An alternate approach, software write detection, as used in Midway[37], relies on compiler support. This would prevent transparent distribution of legacy applications, and is therefore also not suitable for vNUMA.
We therefore attempt to intercept writes individually, a technique we describe as write trapping. While this is prohibitively expensive for user-level DSM systems, the overhead can be kept much smaller in a thin hypervisor such as vNUMA. The current C language implementation results in an overhead of around 250 cycles per write, but this is largely due to compiler limitations; in theory under 100 cycles should be achievable.
Even so, writes are frequent operations and trapping every write in the system would be impractical; indeed the majority of pages in the system are not actively write-shared at all. vNUMA uses an adaptive scheme which changes a page’s mode between this write-trapping (write-update) mode and the basic write-invalidate mode, depending on the access pattern.
The adaptation scheme currently implemented is similar to the read-write-broadcast (RWB) protocol[31] developed for hardware cache coherence. The run-length of local writes to a page that are uninterrupted by writes received from other nodes is tracked with a counter. If the count exceeds a threshold, trapping of individual writes ceases and the page is transitioned to write-invalidate mode, in which we use the conventional Ivy-like write-invalidate protocol described earlier. This can reflect two types of access patterns — either one node is accessing the page exclusively, or one node is making a large number of updates to the page in a short time — and in both cases invalidation is likely to perform better. The decision is made individually by each node, so even if one node chooses to acquire the page exclusively, other infrequent writers continue to intercept writes to the page and report them back to the exclusive owner (providing there are no reads).
This scheme makes its decision purely on the basis of tracking write accesses. Its drawback is that it will not detect producer-consumer sharing with a single intermittent writer and multiple readers. This leads to periodic invalidation of the readers’ copies and subsequent re-faulting, even though the write-update mode may be better in this case. An improved algorithm might be one similar to the efficient distributed write protocol (EDWP)[1], which tracks both read and write accesses, and prevents a transition to exclusive mode if more than one processor is accessing the page. However, this is considerably more complex (since sampling read accesses is required) and has not been implemented.
For pages in write-update mode, vNUMA broadcasts writes to all nodes. While this may seem inefficient, it has some advantages; it greatly reduces the complexity of the system and naturally results in total store order (TSO) consistency. Per-packet overheads are amortized by batching many writes into a single message (see Section 4.3). Certainly this design choice would limit scalability, but vNUMA is designed for optimal performance on a small cluster.
Each node generally applies any write updates that apply to pages that it has read copies of, and discards any irrelevant updates.
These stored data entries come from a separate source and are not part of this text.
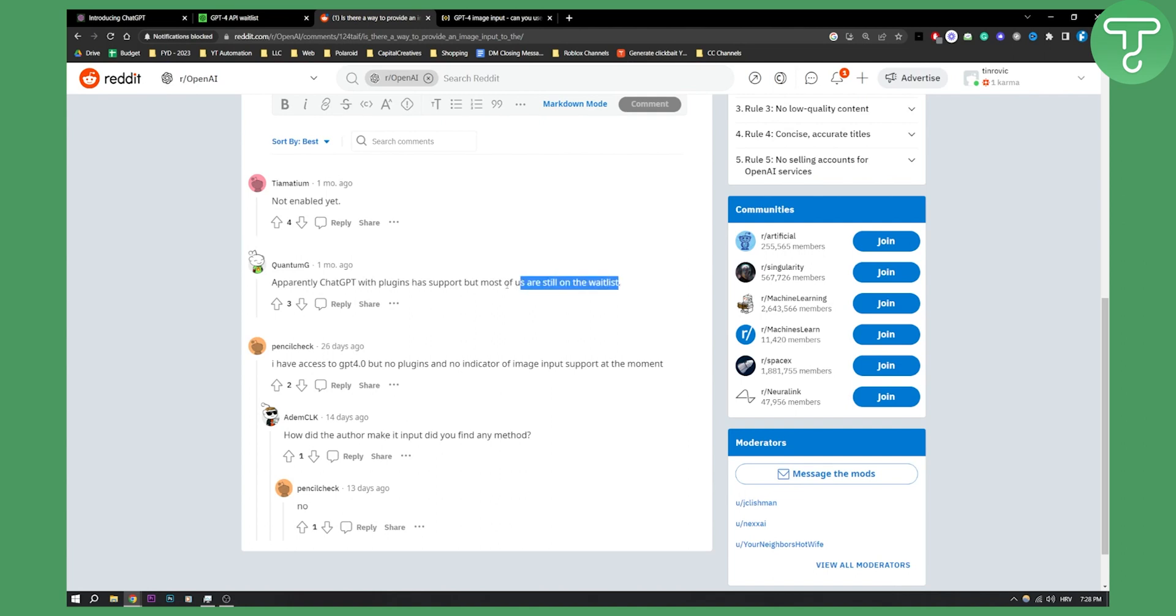Most people are still on the waitlist, but if you are one of the lucky ones, you will be able to use ChatGPT4 API to upload images to ChatGPT4.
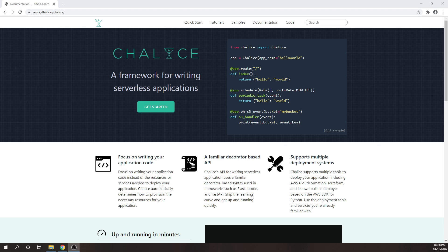I hope you got a basic understanding about microservices architectures and different serverless frameworks. In the upcoming video, I will show you how to install the AWS CLI, AWS SAM, and finally the AWS Toolkit plugin.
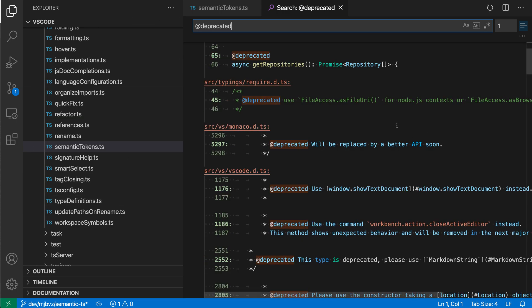Now one of the cool features of search editors is that you can actually save this search file into your code base. This is useful for example if you are working on a shared project and you have some work in progress items, for example tracking where you are using deprecated code in the code base. Anybody on the team that clones the repository will be able to open this search file and just see all of the places where you are using deprecated code.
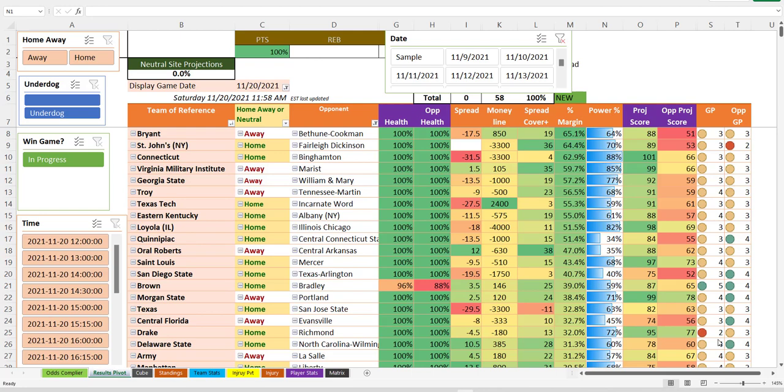Well, hi there. It's just a calm Saturday with 58 college basketball games right before Thanksgiving. Let's have some fun.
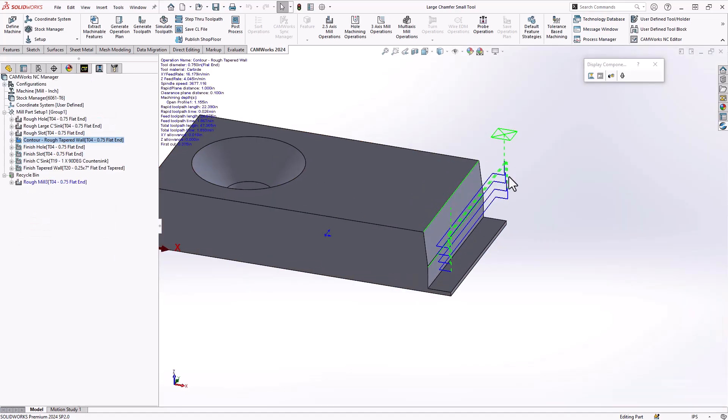So even though you might have smaller tools compared to the features, you can still add your step downs, your step overs, you can still contour it to the shape of the tool, to those faces and achieve the parts you're looking to machine.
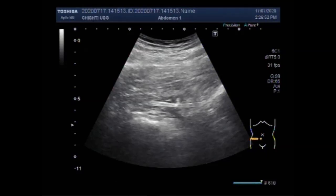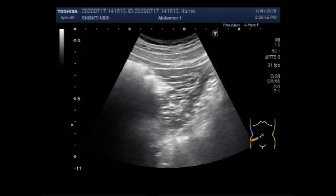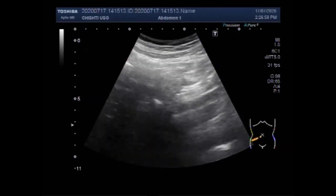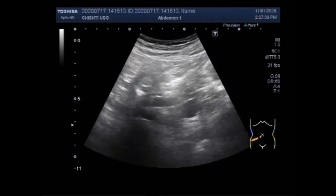Dear viewers, I hope you are all fine. This ultrasound video shows a tapeworm in the abdominal cavity — a rare finding.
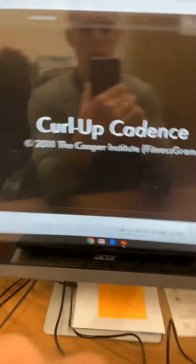All you type in is 'curl-ups test' and then you're gonna see this little black screen when you search it. I'll go back and show you — you just type in 'curl-ups test' and it's this black one right here that says 'curl-up test cadence.'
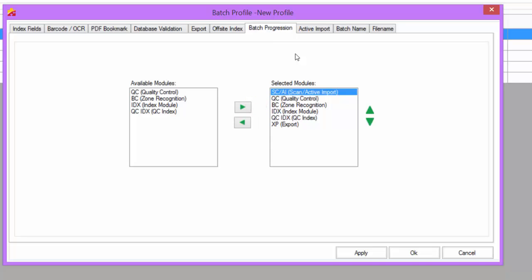If no automated indexing is set up, then the Batch will go straight to index and then to QC index. The final step in the workflow is to export the files to a Document Management System or to Windows.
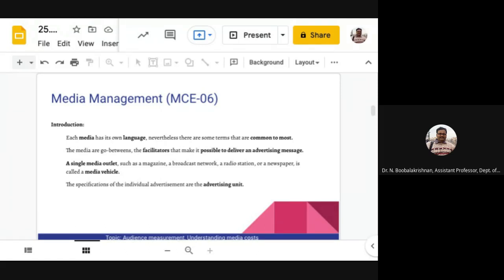A media vehicle means any type of media outlet — magazine, newspaper, broadcast, radio station, OTT platform. The advertising unit is the specification of the individual advertisement. For example, if your media choice is a magazine targeting family, your advertising unit might be measured in space — a full-page, four-color or multi-color bleed advertisement. If your vehicle is television targeting youth, it will be mentioned in duration — a 30-second or 60-second advertisement with the appropriate celebrity or standard content.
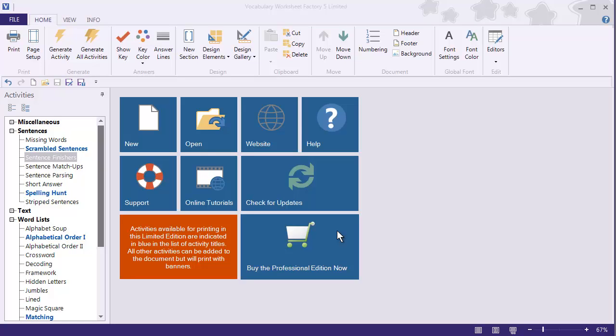In the latest Maintenance Upgrade to Vocabulary Worksheet Factory 5, we have added a new feature to the Word List Editor and Sentence Collection Editor that allows for multiple activities in a document to be updated with a new Word List or Sentence Collection without having to change each activity manually.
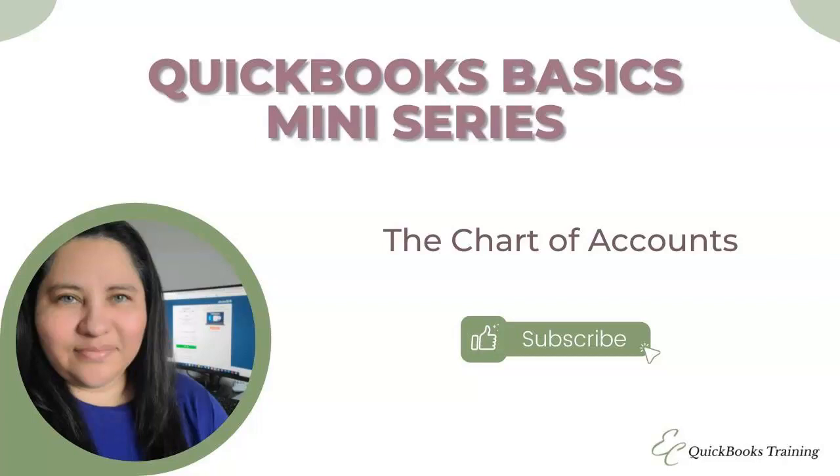Hello everyone. Welcome back to my channel, EC QuickBooks Training. I am glad to be back here recording videos for you. To start off, I will be recording a mini QuickBooks basic series.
However, care must be taken when applying write updates to a page that is being migrated. A node P2 receiving a page from P1 queues the updates it receives while the page is in flight. Then, it must apply the subset of queued writes that have not already been applied at P1. In other words, P2 must apply exactly those updates which were received at P1 after P1 sent the page to P2. An example is shown in Figure 2: write w1 must be applied, while w2 must be discarded.
Our algorithm for determining which writes to apply assumes that the network provides causal order delivery, which is a property of typical Ethernet switches (c.f. Section 4.5). We provide a brief description here, more details are available elsewhere[6].
We maintain at each node a counter of writes, and that counter value is included in a page-fetch reply message. As per Figure 2, A denotes the event of P2 sending a fetch message to P1, B the event of P1 receiving that message and immediately replying to P2, and C the event of P2 receiving the page. In the figure, the respective counter values are NA=0, NB=1, and NC=2. N1 denotes the number of writes from P1 queued at P2 at event C (N1=1 in the figure). The algorithm then becomes:
In the example, the first step will drop w2 and the second step will apply w1.
The write-update algorithm as presented so far is insufficient to guarantee coherence in a strict sense. In the example shown in Figure 3, where nodes P1 and P2 simultaneously write to a location X, P1 could observe X=1 followed by X=2 while P2 observes X=2 followed by X=1, in violation of coherence. Two solutions to this problem exist in the literature[8]: a central sequencer or associating every write with a globally-unique sequence number. The central sequencer, while guaranteeing that all nodes converge on the same value, does not prevent intermediate values from being observed at a single node, in violation of the architecture’s specification of memory coherence. It also presents a bottleneck.
A globally-unique sequence number can be implemented as a local sequence number — synchronised on communication — with the node number as a tie-breaker where no causality relationship exists [21, 8]. However, the conventional deterministic merging approach [8] would involve waiting to receive write messages from all nodes before deciding on a final value. As vNUMA only sends write messages as needed, a particular node may be quiet for a considerable time, which would necessitate regular empty write messages to ensure coherence.
Note, however, that coherence only requires total ordering on a per-location basis. Consider the case where { w1, w2, .., wn } are a set of writes to the same location, ordered by their global sequence number. From the point of view of program semantics, it is not essential to guarantee that all of { w1 .. wn } are observed at any particular node, as long as the observed subset follows the correct ordering and culminates in the proper final value. In other words, observing { w2, w1, wn } is not allowed since w1 must precede w2, but observing { w1, wn } or even just { wn } is allowable. Omitted intermediate values could correspond to the case where a processor was not fast enough to observe the intervening values.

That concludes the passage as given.